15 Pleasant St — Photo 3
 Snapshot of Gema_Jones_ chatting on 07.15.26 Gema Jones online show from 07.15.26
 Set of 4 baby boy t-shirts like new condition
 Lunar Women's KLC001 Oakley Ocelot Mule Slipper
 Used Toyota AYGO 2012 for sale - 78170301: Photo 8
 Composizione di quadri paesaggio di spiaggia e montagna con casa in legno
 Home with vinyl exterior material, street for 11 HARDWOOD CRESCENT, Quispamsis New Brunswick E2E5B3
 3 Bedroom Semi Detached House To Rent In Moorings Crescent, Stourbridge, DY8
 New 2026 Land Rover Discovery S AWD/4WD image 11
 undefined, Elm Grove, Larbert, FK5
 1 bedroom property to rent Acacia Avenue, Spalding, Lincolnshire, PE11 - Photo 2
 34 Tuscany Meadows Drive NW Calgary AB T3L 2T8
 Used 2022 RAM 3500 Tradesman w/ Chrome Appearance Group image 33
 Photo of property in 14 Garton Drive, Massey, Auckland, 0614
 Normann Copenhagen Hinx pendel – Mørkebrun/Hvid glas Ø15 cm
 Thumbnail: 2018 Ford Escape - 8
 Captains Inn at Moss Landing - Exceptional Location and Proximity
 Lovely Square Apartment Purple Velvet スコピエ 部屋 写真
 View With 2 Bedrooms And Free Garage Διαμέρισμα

################

Every line above with the word "image" is to be copied out.

- _Problem solution_:
 New 2026 Land Rover Discovery S AWD/4WD image 11
 Used 2022 RAM 3500 Tradesman w/ Chrome Appearance Group image 33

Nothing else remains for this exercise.